First, how should police officers respond when a police station is attacked by a violent mob armed with rocks and knives?
Second, how would police officers in their own country react to such a scenario?
Here is what happened in the Ganzi Tibetan autonomous prefecture:
In the face of the mob, which had attacked stores and bank facilities and smashed police vehicles and fire trucks at a police station, local police officers opened fire.
At least one person was killed. Many others, police officers included, were injured.
Although the death was tragic and lamentable, for the police, opening fire was the only course of action in the circumstances. They not only had to contain the commotion and restore calm, but also defend themselves and prevent even more disastrous consequences.

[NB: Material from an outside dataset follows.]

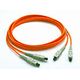 PANDUIT 2連SC-SCパッチコード(1m、50μ) (F5D3-3M1)画像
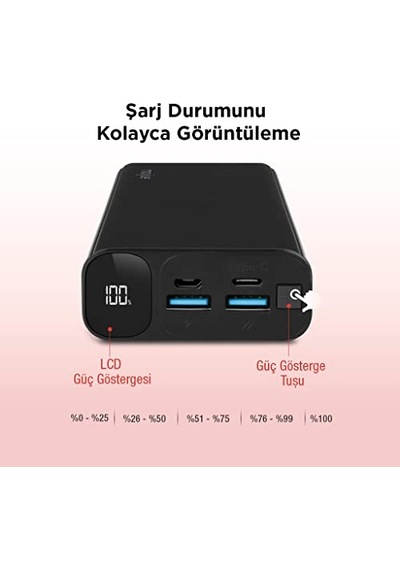 Pb06 20.000mah Pd 20w Lcd Ekranlı Taşınabilir Şarj Aleti Powerbank Siyah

Police officers in Western countries also resort to force and use weapons when the occasion demands.
Our country has extremely strict rules on the use of weapons by police officers. Which is why the majority of Chinese police do not even carry weapons as part of their daily job. The actions of the mob in Ganzi constituted a clear and present danger to life and property that justified the use of force.
Yet, like always, just because it happened in a Tibetan-inhabited area and some monks were involved, the incident has been portrayed as part of the so-called repression of an ethnic group, and has been distorted by those who seek to gain by promoting the idea that religious freedom is being suffocated.

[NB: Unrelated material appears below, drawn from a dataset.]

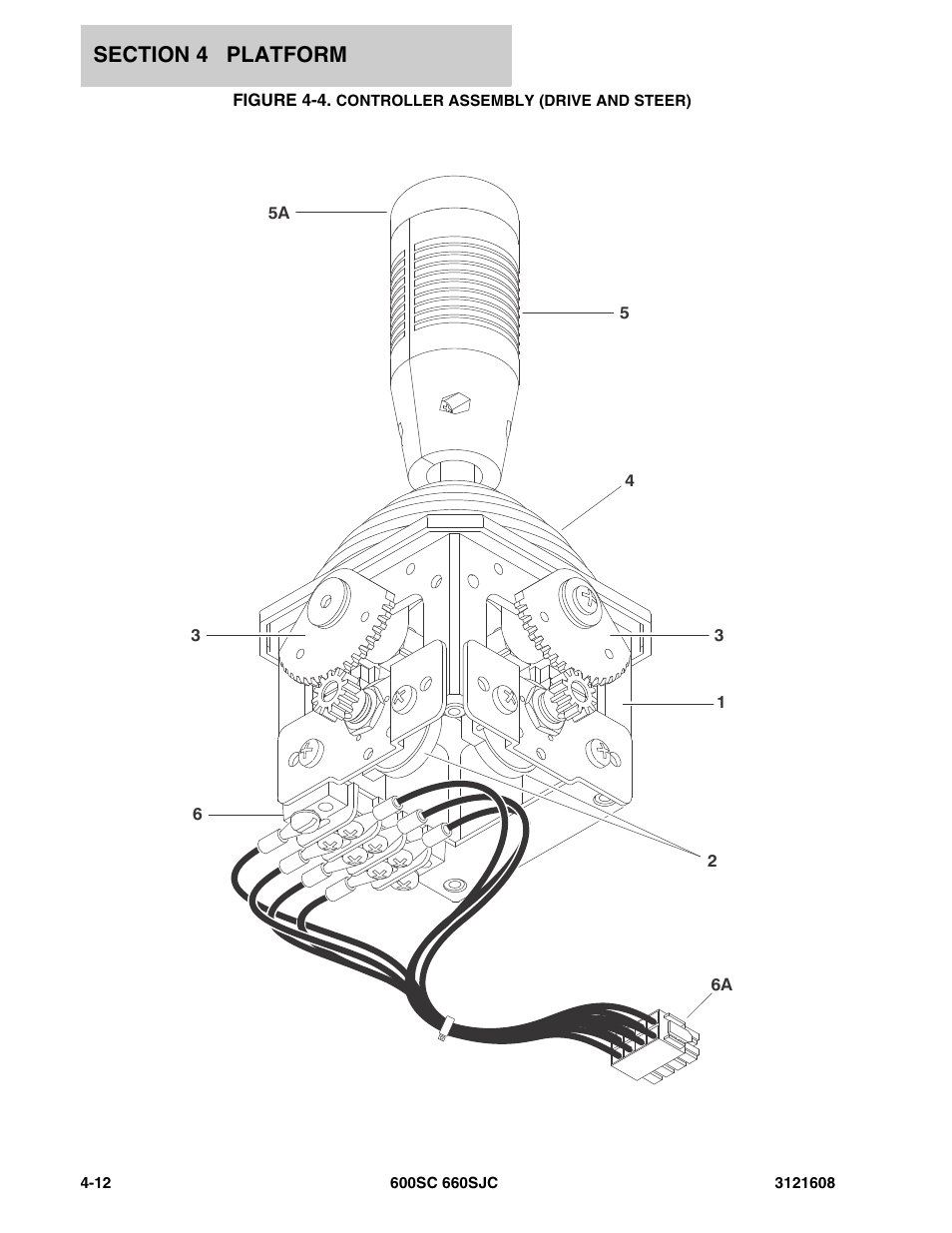 Figure 4-4. controller assembly (drive and steer), Controlle | JLG 600SC_660SJC Parts Manual User Manual | Page 146 / 226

Dharamshala and its Western patrons spare no effort in exploiting such incidents to their own advantage. And, thanks to their long-term endeavors their bogus claims are voluntarily trumpeted by some Western media all too eager to engage in a new round of China-bashing.

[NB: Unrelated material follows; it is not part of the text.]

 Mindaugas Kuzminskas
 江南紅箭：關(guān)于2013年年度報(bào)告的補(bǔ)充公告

The truth in Tibet and Tibetan-inhabited areas is the opposite of that espoused by Dharamshala and lies cannot blind people from the truth forever.
The average Tibetan, no matter where he or she is in China, has complete freedom to worship. And the government's care for the preservation of their cultural traditions is meticulous, and, we might add, generous.
Dharamshala blinds itself to the truth and seeks to obscure the facts, because a content and peaceful Tibet is detrimental to its aims.
In order to remain relevant and of use to its foreign patrons, Dharamshala has to continue instigating unrest. But the majority of Tibetans know that is not the path to a better future.